Officials of the State of Maryland, Montgomery County and Prince George's County follow procedures similar to those followed in Washington.
Edwin J. Schamel, chief deputy treasurer of the State of Maryland, said the state has an average of $75 million to $100 million each day to invest. Like most other jurisdictions, it places those funds in a variety of investments, including Treasury bills and notes, bank certificates of deposit and repurchase agreements. "Our first priority is capital preservation, because it's not our money, it's the public's," Schamel said.
Virginia law requires municipalities and pension funds to take possession of collateral and the municipalities and pension funds all require that the collateral be worth more than the loan.
Ernest Mazin, an administrator in the Arlington Retirement Office that oversees the county's pension funds, said the pension funds invest in government securities but do not engage in repurchase or reverse repurchase agreements. "Those are short-term," Mazin said. "We are looking at the long term."
About a dozen municipalities, including Beaumont, Tex., and Toledo, Ohio, along with five savings and loan associations, had their securities at E.S.M. Government Securities Inc., the Florida securities dealer with which they did business.
When E.S.M. was forced into bankruptcy early this month, the municipalities and the savings and loans swallowed losses that may reach $300 million. E.S.M., which had been concealing losses for nearly a decade, didn't have all the securities it said it had. In some cases, the firm used the same security as collateral for two separate loans. In other cases the firm apparently sold securities it was supposed to be holding as collateral or delivered them to lenders that demanded physical possession. Home State Savings Bank, a Cincinnati savings and loan association, had bought hundreds of millions of securities through E.S.M., and when E.S.M. was closed, a lot of those securities weren't there. Home State's losses could approach $150 million.
Depositors at Home State -- a state-chartered institution and privately insured -- started a run on the thrift institution that ultimately led to its closing. Within days depositors started a run on the 70 other privately insured savings institutions when they realized Home State's losses could wipe out the private insurance fund.
To stop the run, the other institutions were shut last Friday and remain closed, although state and federal regulators are moving to reopen as many of them as they can, under the umbrella of federal deposit insurance.
Every day, tens of billions of dollars of short-term investments that use government securities as collateral are carried out in the loosely linked government securities market. The 36 or so biggest dealers, those that do business daily with the Federal Reserve, must meet tough capital and auditing standards -- as must non-Fed dealers that are banks or securities firms. But a large number of dealers, like E.S.M., are not regulated by anyone.
In the last few years, at least five such dealers have collapsed. E.S.M.'s losses may be the biggest. The losses nearly always revolve around repurchase agreements and reverse repurchase agreements.

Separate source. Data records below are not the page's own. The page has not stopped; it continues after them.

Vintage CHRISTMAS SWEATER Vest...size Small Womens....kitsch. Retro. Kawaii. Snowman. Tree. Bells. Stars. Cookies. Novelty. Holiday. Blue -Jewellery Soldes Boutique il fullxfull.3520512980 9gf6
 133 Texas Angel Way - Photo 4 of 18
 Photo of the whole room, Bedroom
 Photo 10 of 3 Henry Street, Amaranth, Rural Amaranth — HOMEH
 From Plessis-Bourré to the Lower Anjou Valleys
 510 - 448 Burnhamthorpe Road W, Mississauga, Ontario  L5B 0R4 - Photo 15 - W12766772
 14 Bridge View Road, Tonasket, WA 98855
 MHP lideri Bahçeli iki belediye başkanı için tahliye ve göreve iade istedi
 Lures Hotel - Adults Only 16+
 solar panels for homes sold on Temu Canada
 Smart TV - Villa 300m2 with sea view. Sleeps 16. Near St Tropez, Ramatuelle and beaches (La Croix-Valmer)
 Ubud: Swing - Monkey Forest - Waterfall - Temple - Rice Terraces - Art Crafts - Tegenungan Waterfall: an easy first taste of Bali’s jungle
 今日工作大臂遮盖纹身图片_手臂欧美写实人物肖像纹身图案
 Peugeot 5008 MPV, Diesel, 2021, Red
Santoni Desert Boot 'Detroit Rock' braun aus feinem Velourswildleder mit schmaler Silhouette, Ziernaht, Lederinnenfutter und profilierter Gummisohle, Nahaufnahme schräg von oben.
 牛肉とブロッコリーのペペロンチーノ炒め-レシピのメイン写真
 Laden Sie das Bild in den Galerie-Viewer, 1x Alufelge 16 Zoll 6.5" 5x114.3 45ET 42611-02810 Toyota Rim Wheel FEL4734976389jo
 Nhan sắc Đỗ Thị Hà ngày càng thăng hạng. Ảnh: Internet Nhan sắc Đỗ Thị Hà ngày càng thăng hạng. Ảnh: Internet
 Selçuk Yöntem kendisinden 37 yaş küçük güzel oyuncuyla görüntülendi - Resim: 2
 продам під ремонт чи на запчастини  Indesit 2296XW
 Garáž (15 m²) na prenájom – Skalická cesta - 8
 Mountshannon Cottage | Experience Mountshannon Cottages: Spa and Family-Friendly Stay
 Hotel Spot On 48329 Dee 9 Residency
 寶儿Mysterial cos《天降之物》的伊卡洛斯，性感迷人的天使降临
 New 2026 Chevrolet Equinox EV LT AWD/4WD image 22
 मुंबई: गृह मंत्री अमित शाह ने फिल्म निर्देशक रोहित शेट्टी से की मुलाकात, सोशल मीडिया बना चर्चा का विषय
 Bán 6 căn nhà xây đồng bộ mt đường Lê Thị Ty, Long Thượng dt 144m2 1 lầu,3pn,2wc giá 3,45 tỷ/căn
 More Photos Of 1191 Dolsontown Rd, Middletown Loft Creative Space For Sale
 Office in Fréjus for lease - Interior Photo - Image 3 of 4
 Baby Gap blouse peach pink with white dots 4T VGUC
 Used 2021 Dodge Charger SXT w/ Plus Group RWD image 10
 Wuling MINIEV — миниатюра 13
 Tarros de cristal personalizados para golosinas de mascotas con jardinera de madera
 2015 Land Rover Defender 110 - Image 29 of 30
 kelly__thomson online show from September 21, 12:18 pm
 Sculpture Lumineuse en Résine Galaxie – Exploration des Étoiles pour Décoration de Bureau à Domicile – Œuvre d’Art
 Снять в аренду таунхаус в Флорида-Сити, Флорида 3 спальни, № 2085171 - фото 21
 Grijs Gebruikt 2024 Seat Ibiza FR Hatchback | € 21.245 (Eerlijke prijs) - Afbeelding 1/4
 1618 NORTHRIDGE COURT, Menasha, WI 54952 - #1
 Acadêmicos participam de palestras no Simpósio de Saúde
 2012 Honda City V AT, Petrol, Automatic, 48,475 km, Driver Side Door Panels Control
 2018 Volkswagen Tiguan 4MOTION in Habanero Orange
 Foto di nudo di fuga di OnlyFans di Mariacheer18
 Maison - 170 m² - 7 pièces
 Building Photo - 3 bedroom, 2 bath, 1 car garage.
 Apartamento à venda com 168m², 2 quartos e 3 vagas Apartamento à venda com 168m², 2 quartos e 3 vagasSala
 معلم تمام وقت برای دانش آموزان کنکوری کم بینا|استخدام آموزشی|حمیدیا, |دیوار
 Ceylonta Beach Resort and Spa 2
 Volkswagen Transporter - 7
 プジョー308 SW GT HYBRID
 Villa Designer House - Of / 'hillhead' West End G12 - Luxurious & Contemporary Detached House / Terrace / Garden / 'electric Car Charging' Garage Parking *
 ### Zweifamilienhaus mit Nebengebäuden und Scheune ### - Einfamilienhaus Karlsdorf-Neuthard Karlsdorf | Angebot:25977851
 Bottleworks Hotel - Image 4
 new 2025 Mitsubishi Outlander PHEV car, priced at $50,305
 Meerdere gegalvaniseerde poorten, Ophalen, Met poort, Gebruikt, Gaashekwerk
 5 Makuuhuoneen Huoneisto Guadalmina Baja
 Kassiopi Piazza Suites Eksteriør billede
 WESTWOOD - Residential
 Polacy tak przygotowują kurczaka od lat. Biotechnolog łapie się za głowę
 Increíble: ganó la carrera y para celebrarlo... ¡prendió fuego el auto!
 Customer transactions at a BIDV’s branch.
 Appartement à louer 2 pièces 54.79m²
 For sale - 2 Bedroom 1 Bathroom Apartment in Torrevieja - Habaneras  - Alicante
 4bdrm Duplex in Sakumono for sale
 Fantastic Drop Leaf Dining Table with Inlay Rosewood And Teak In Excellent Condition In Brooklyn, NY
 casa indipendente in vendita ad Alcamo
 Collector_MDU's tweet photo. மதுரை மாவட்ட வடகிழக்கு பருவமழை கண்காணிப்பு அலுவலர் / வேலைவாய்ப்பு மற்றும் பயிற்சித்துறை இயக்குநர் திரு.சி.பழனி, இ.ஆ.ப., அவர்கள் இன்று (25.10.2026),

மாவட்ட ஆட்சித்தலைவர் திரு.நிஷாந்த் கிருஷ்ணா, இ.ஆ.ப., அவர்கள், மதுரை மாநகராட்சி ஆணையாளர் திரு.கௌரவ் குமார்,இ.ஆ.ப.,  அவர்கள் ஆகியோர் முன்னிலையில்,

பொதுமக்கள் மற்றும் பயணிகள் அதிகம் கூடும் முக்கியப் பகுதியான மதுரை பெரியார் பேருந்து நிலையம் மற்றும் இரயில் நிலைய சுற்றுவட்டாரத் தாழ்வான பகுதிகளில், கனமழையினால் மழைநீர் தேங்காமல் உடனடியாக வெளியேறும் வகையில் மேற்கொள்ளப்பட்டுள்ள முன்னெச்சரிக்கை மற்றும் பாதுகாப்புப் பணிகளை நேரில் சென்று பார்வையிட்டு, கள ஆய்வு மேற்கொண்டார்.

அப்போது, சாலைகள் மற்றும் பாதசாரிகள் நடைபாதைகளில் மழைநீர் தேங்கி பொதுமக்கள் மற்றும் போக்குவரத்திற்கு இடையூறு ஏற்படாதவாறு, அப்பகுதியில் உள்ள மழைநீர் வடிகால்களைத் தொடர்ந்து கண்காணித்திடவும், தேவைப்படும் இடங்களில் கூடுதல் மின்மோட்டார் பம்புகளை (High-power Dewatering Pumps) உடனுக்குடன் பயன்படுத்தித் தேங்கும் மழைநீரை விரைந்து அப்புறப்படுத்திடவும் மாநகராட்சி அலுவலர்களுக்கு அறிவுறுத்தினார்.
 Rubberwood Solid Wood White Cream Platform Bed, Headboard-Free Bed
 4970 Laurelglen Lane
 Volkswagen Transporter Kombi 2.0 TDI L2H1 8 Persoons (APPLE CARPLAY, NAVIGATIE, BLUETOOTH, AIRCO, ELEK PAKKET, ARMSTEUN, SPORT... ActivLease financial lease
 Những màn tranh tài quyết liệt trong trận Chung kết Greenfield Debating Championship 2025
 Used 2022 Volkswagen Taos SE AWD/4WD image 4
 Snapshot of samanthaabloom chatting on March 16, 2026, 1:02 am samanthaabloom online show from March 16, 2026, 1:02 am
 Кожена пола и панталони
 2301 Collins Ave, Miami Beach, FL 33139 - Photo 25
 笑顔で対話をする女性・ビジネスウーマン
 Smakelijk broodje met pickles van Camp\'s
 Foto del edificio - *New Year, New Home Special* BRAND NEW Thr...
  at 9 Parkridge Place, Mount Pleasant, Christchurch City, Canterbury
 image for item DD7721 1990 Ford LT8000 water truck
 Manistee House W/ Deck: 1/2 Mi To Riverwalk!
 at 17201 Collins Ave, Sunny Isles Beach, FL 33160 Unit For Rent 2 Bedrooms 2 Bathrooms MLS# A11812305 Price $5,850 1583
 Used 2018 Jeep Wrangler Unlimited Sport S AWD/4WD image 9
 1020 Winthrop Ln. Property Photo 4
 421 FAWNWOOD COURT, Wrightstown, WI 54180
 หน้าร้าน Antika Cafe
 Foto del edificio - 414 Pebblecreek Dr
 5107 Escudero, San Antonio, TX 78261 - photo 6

In a repurchase agreement, an investor with spare cash buys the securities for a specified length of time and sells them back to the original owner at a slightly higher price. The difference between the purchase price and the repurchase price is profit to the investor with the cash. In a reverse repurchase, the owner of the securities sells them and agrees to buy them back.
It is the securities dealer that generally is on the other side of either repurchase agreements or reverse repurchase agreements. Local governments with spare cash loan the dealer money. Savings and loan associations that need to raise cash temporarily sell their securities and agree to buy them back.